Go through the entries below and work out how many lines include "from"; give only that number.

START Given records

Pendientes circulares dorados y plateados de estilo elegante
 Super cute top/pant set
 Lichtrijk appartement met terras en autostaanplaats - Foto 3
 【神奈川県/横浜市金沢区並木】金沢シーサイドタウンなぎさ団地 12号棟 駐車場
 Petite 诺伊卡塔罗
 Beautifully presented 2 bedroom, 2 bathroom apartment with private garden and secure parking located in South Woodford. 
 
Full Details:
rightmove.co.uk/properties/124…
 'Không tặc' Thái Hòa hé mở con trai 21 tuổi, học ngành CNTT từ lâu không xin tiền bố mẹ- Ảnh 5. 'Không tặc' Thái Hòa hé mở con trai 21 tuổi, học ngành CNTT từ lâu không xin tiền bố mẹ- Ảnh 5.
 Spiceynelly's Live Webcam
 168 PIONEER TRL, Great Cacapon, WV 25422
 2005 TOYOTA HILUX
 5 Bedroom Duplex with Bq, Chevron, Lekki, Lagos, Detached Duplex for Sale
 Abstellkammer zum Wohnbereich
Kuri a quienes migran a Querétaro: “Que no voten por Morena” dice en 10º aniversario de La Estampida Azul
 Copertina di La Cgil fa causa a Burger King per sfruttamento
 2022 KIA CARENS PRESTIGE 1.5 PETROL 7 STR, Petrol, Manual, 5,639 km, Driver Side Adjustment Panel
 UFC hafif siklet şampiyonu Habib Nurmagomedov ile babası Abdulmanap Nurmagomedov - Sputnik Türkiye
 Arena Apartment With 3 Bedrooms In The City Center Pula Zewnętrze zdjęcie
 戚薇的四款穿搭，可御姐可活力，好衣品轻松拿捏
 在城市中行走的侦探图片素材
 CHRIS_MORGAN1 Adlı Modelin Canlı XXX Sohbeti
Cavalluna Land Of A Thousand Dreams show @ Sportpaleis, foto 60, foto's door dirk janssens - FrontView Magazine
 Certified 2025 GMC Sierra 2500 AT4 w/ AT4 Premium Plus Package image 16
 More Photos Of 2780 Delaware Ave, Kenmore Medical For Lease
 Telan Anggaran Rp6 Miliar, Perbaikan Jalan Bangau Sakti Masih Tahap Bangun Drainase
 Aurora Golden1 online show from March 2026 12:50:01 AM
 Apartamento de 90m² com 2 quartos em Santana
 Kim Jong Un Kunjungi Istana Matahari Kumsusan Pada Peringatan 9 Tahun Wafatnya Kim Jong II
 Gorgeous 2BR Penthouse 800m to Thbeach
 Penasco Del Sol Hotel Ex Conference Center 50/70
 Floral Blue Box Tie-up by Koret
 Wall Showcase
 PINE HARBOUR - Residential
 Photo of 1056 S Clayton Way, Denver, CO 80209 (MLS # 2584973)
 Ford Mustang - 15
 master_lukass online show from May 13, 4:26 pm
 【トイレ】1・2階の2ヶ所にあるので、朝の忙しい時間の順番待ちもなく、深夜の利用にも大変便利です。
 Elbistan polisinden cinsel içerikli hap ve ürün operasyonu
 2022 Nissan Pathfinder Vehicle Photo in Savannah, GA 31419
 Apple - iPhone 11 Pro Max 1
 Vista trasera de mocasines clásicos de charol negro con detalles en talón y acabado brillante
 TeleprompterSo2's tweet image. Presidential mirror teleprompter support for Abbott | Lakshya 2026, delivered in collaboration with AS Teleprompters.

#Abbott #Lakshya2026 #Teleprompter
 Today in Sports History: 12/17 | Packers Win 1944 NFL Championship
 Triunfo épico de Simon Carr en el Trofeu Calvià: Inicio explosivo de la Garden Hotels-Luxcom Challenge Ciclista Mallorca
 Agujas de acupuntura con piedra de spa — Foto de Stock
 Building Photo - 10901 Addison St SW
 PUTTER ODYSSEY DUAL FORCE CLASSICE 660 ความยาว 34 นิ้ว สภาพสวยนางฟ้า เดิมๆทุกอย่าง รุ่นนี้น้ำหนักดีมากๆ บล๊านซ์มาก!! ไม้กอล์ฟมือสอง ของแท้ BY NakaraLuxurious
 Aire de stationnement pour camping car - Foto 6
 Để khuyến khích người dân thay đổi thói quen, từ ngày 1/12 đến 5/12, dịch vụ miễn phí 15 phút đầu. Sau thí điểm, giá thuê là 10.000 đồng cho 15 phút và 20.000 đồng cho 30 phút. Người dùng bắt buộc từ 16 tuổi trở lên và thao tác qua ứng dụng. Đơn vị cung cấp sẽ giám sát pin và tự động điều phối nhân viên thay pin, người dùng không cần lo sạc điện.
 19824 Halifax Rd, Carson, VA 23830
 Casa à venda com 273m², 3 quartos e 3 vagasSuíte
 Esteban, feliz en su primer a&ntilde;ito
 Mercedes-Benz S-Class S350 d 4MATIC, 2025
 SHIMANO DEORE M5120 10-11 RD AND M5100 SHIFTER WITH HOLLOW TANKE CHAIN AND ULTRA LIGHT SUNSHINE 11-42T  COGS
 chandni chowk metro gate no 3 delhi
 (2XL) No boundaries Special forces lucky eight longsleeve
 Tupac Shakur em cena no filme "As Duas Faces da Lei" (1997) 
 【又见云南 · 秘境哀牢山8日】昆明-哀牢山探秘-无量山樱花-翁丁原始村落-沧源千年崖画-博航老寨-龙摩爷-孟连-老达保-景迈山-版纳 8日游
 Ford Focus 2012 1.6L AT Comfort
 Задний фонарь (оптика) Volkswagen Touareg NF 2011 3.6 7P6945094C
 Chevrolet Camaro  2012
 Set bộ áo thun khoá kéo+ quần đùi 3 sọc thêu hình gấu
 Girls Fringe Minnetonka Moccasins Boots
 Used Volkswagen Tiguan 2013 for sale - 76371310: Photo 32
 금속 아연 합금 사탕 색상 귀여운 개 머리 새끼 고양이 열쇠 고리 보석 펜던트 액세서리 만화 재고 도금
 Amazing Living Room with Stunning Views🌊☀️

END Given records

▶ Exercise result
2